Identification of a novel 5-HT1 binding site in rat spinal cord

High affinity, specific ³H]5-hydroxytryptamine (5-HT) binding to spinal cord synaptosomes was examined to identify the 5-HT receptor subtypes present. Computer nonlinear regression analysis of competition studies employing 8-OH-DPAT indicated that this 5-HT_1A selective agonist demonstrated high affinity competition (K_{i = 1.3 nM}) for 24.6 ± 0.7% of the total ³H]5-HT binding sites.
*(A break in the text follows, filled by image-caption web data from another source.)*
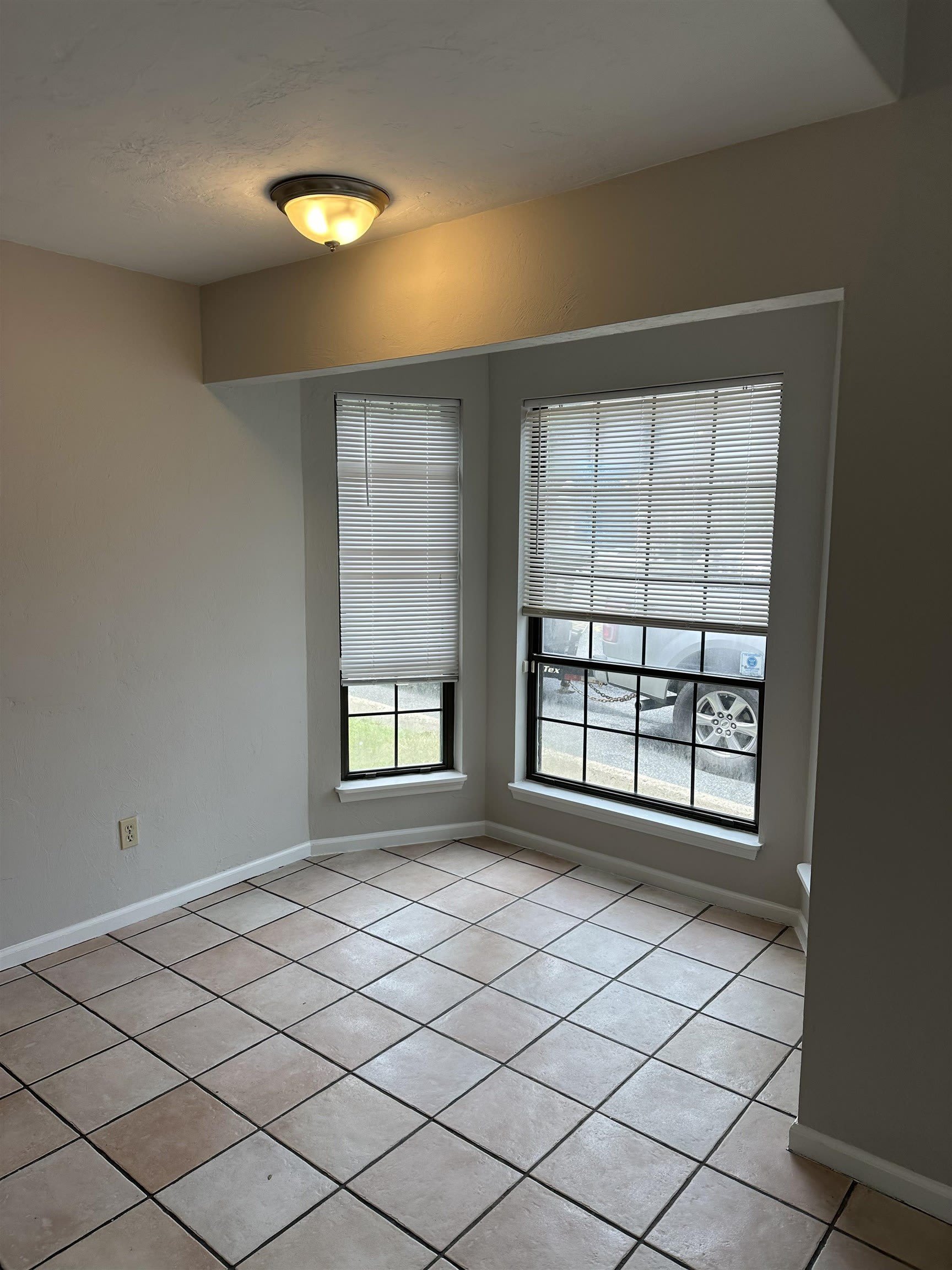 370 Hayden Road – photo 3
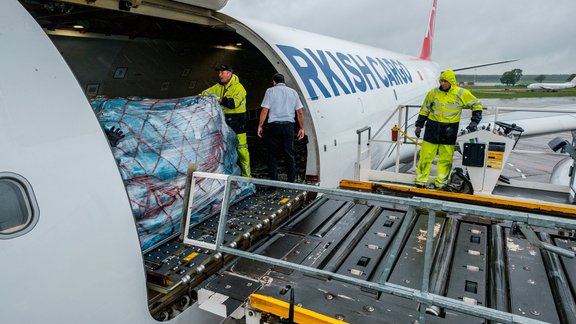 Turkish Cargo Airbus A330-200F Rīgas lidostā - 28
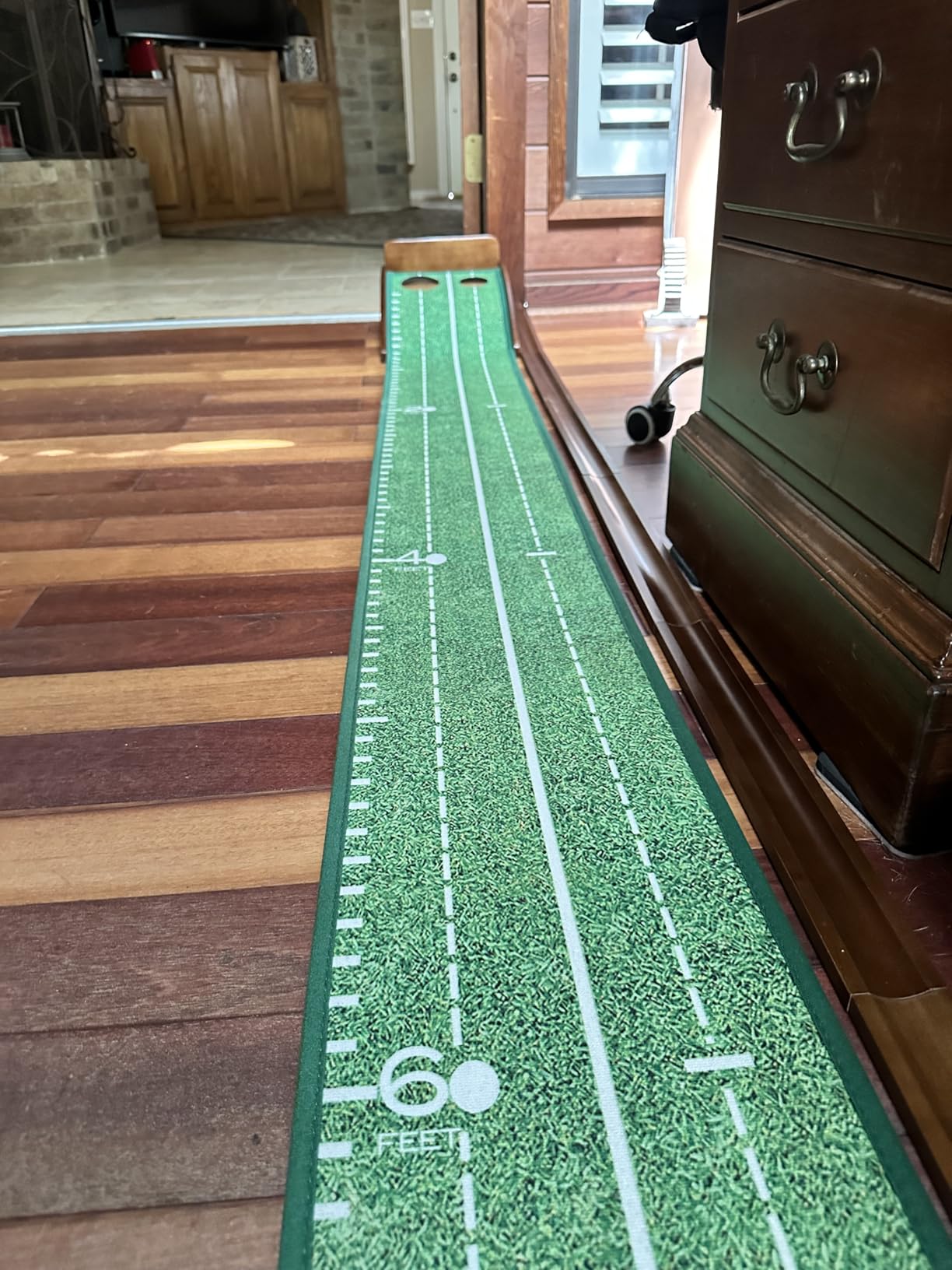 Dachenus Putting Green Indoor Mat Outdoor Golf Putting Mat with Automatic Ball Return - Ideal for Home, Office, and Outdoor Use customer photo 2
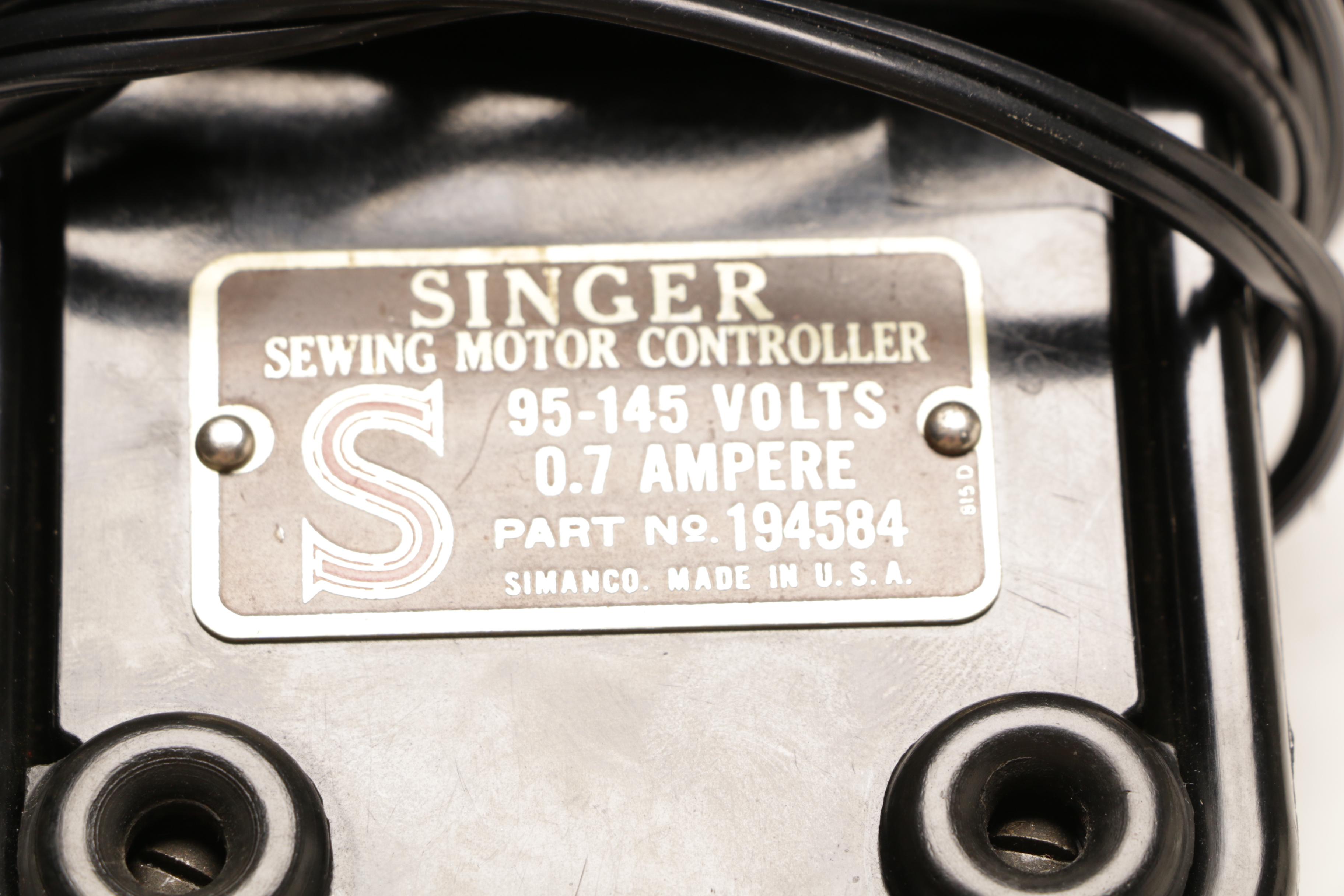 1947 Featherweight Singer Sewing Machine Model 221 with Case and Accessories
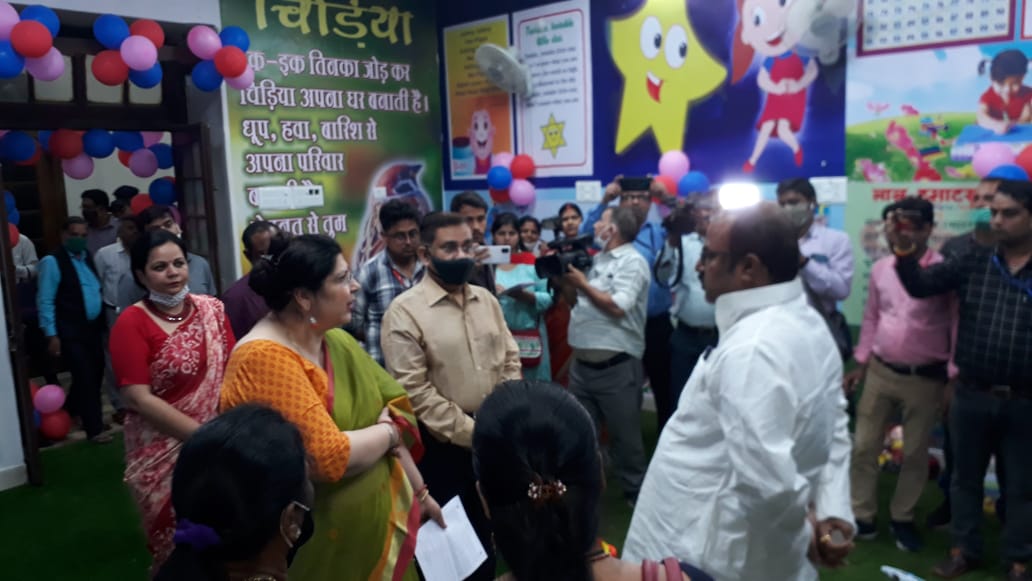 IPRDBihar's tweet photo. महिला विकास निगम, समाज कल्याण विभाग द्वारा सचिवालय परिसर में तीन पालनाघर का उद्घाटन  माननीय मंत्री श्री मदन सहनी माननीय मंत्री समाज कल्याण विभाग द्वारा फिता काट कर किया गया।
#BiharSocialWelfareDept
#WDCBihar @BadloBihar_ @SahniBihar https://t.co/BotongJnkp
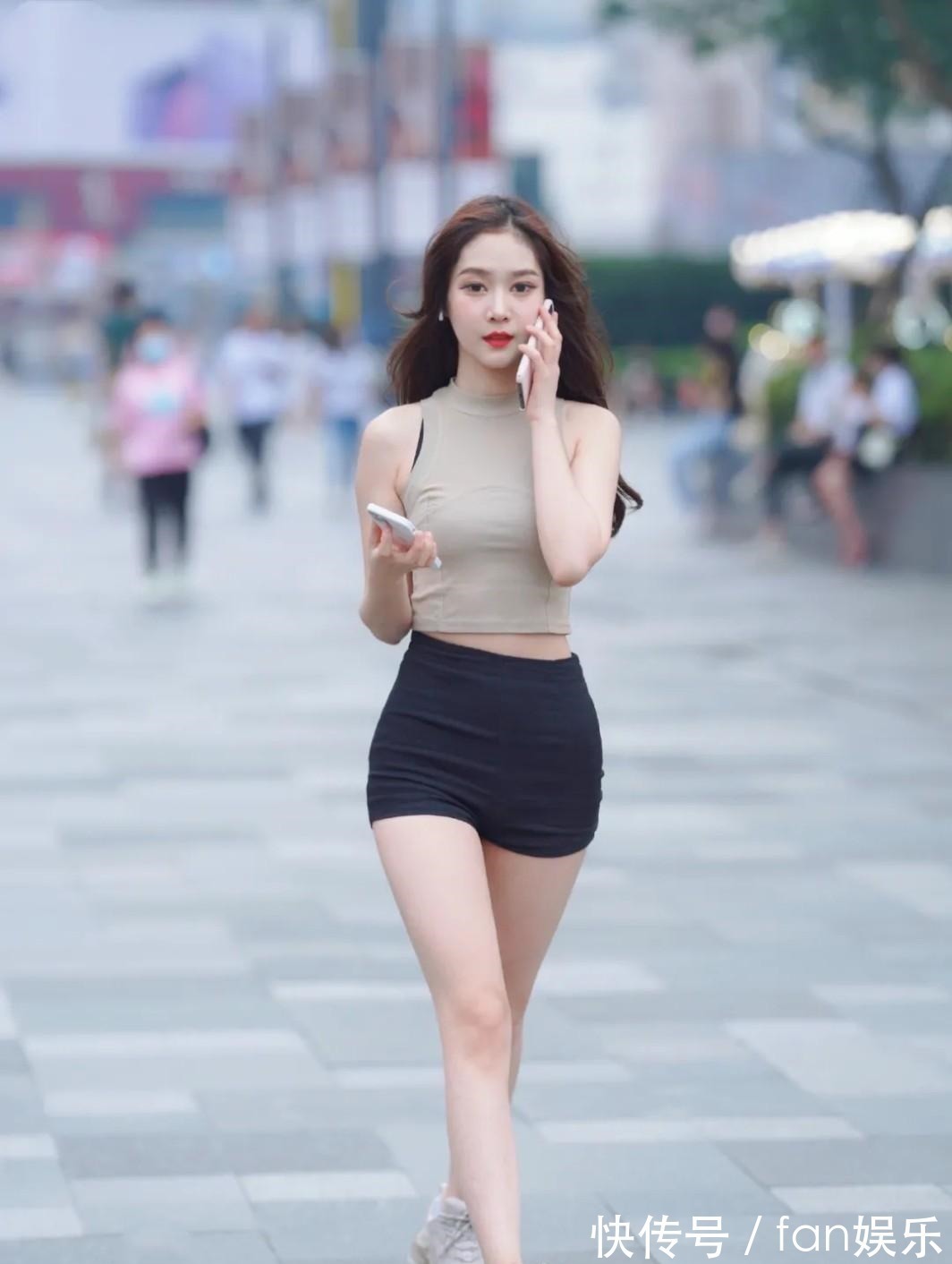 小蛮腰 短款挂脖上衣,搭配同款潮裤,时尚青春魅力十足!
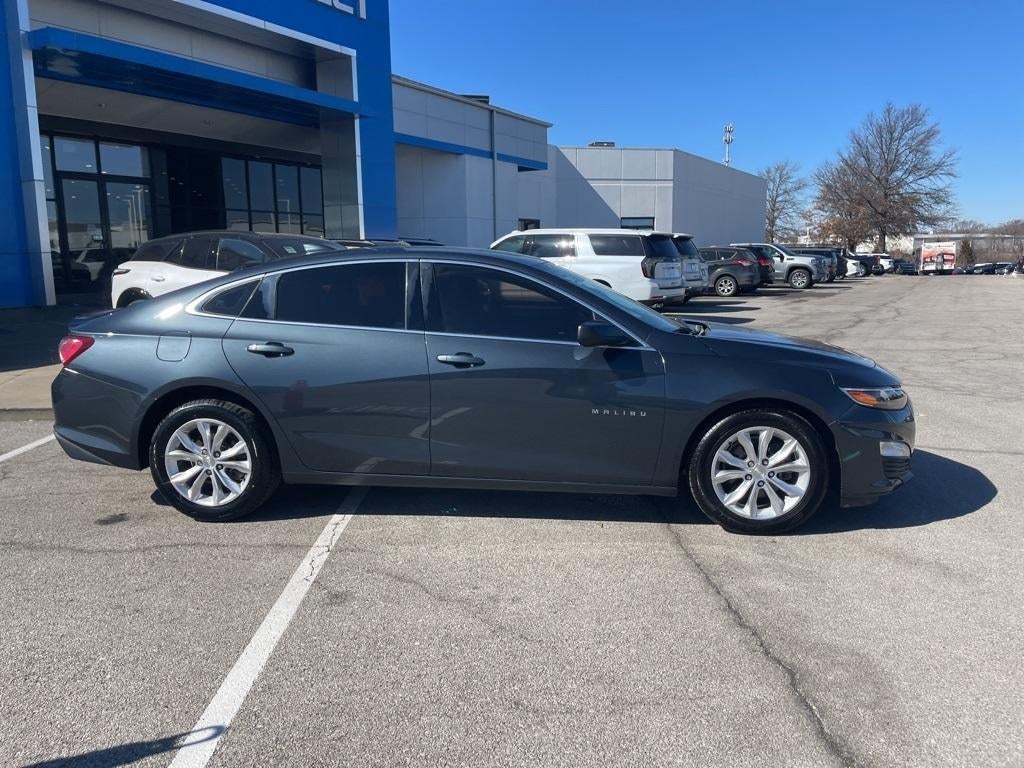 Used 2020 Chevrolet Malibu 1LT with VIN 1G1ZD5ST0LF006097 for sale in Kansas City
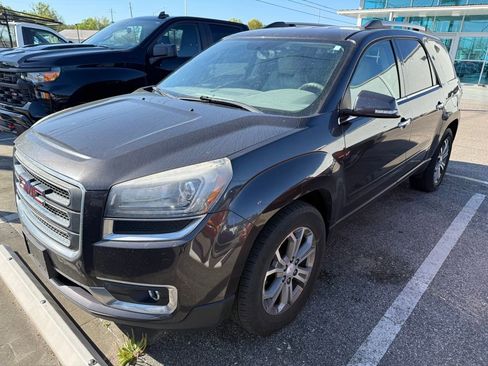 Used 2015 GMC Acadia SLT image 1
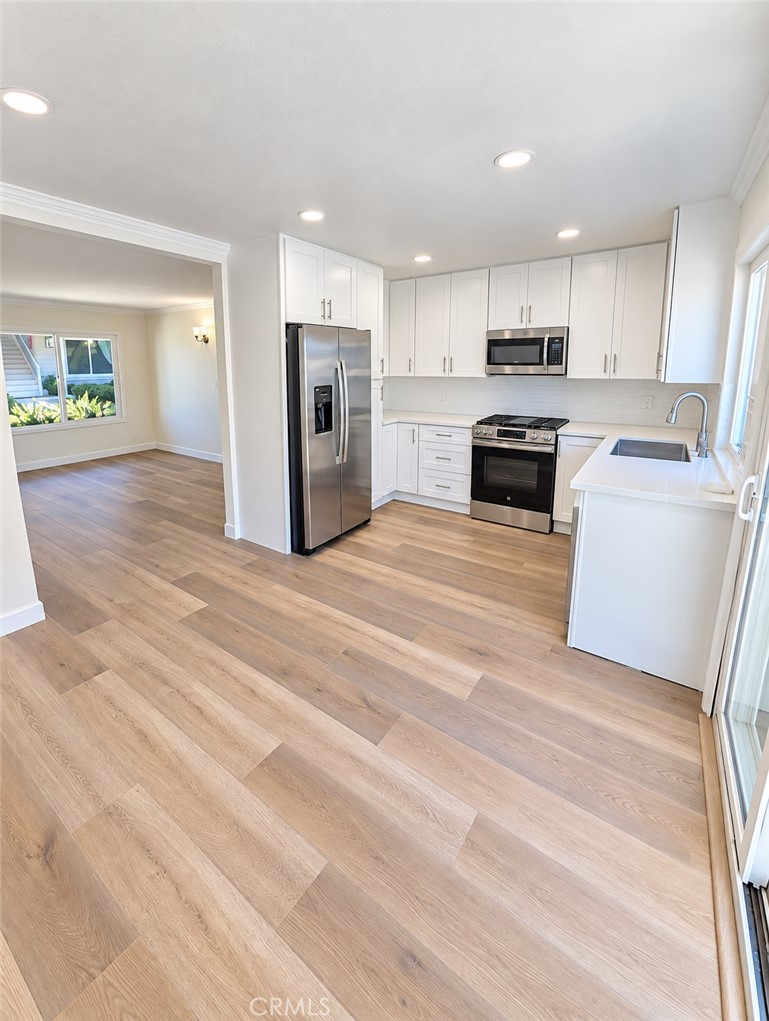 46 Eagle Point 25, Irvine CA 92604 - photo 9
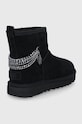 Boty Semišové sněhule UGG Classic Mini Chains 1123668.BLK černá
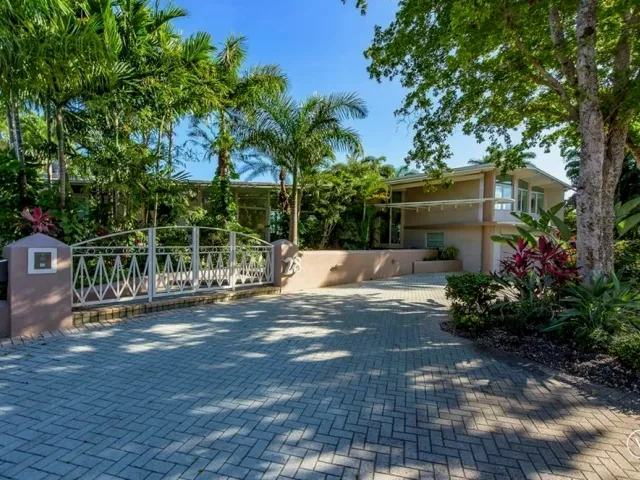 6-bedroom home for rent in Fort Lauderdale - 28 PELICAN Drive - MondialRealty
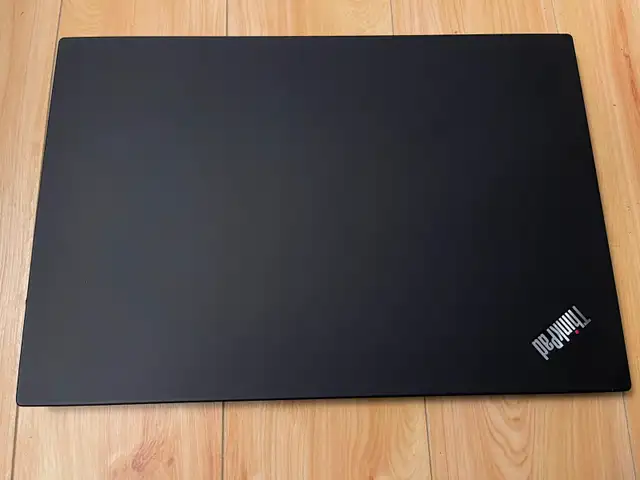 Lenovo ThinkPad P15s Gen1 i7 in Laptops in Markham / York Region - Image 2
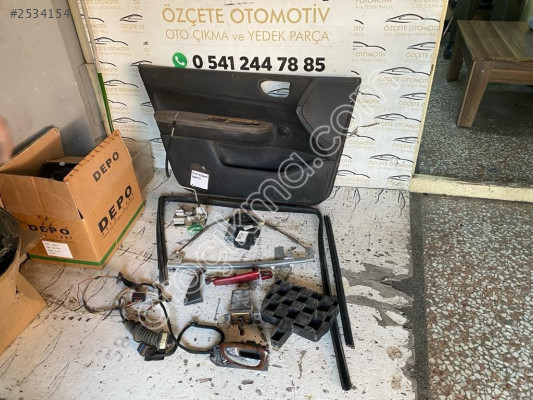 PEUGEOT 307 SOL ÖN KAPI DÖŞEMESİ 2000-2005 MODEL ORJİNAL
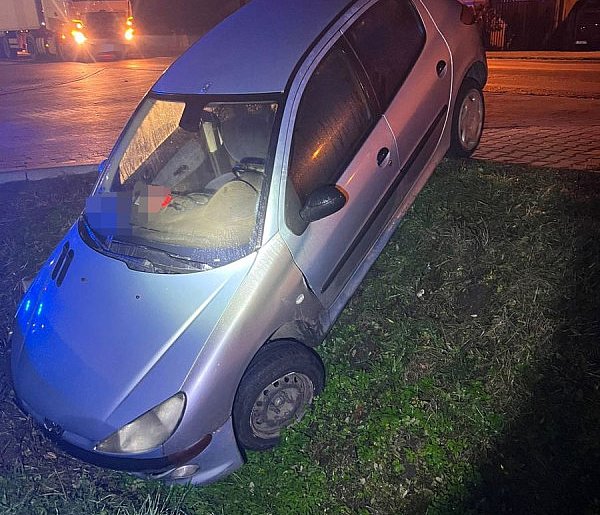 Pijany 82-latek zakończył jazdę w rowie-332711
Competition studies employing the 5-HT_1B selective agonist RU24969, in the presence of 100 nM 8-OH-DPAT, indicated that RU24969 demonstrated high affinity (K_{i = 1.1 nM}) competitive inhibition for 26.2 ± 1.4% of all ³H]5-HT binding sites. Neither 5-HT_1C, 5-HT_1D, 5-HT₂ nor 5-HT₃ selective compounds demonstrated any high affinity competition for the residual 49% of specific ³H]5-HT binding. Therefore, three major classes of ³H]5-HT binding sites could be demonstrated in spinal cord synaptosomes: 5-HT_1A, 5-HT_1B and a novel ³H]5-HT binding site which respectively represented 25, 26 and 49% of spinal cord synaptosomal ³H]5-HT binding. Further studies focusing on the function of the latter binding site are needed to determine if the presently identified novel binding site is the major 5-HT₁ receptor subtype present in spinal cord.